*Task item*.
What you write should be an exact repeat of the lines from the one with "Tan Pink Glittery" through the final line below, minus the pictures.

*The data*.
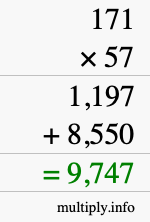 How to calculate 171 times 57 using long multiplication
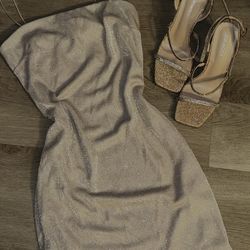 Tan Pink Glittery BodyCon Dress🤩 Heels Are Available For Sale
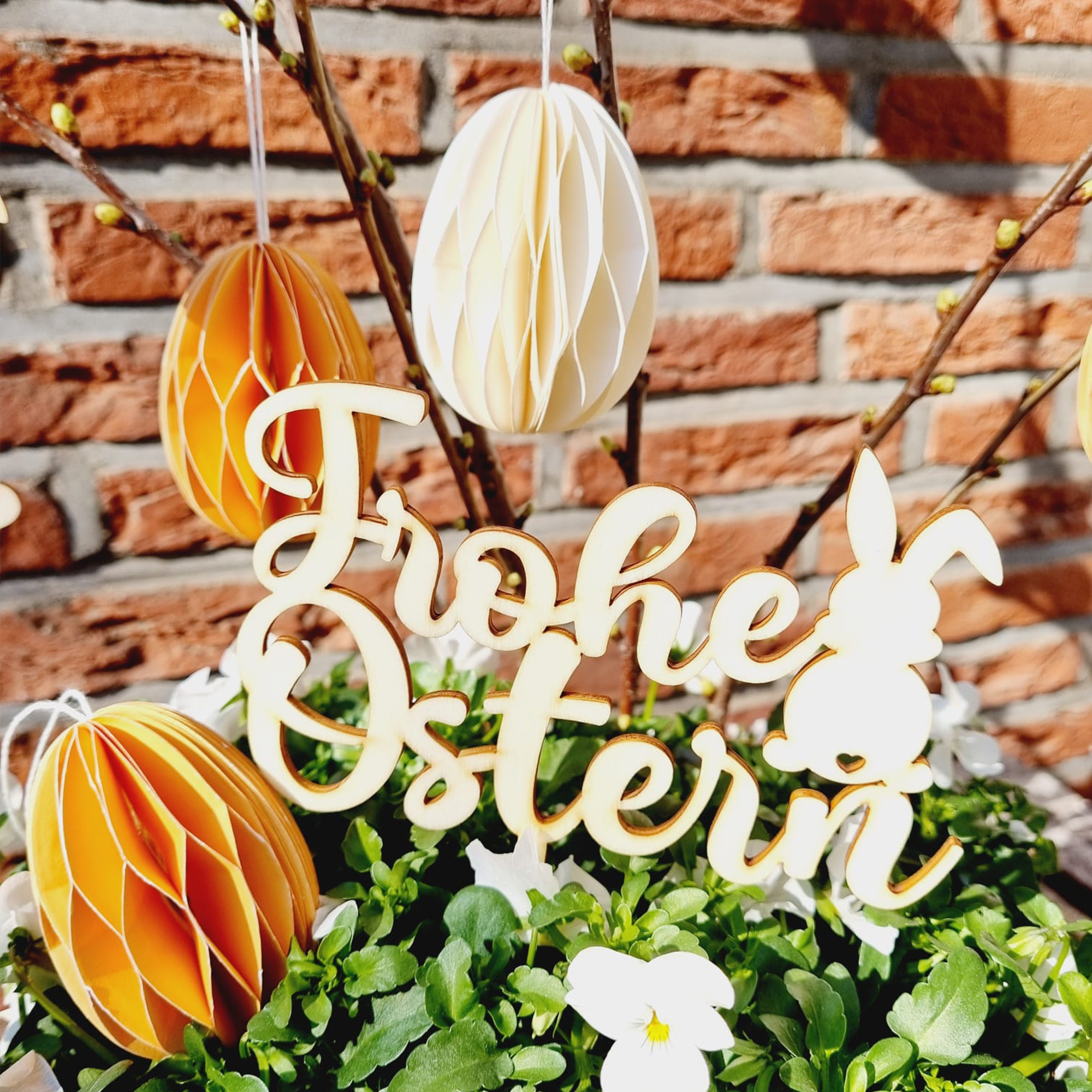 Cake Topper "Frohe Ostern" Holz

*Written response*.
 Tan Pink Glittery BodyCon Dress🤩 Heels Are Available For Sale
 Cake Topper "Frohe Ostern" Holz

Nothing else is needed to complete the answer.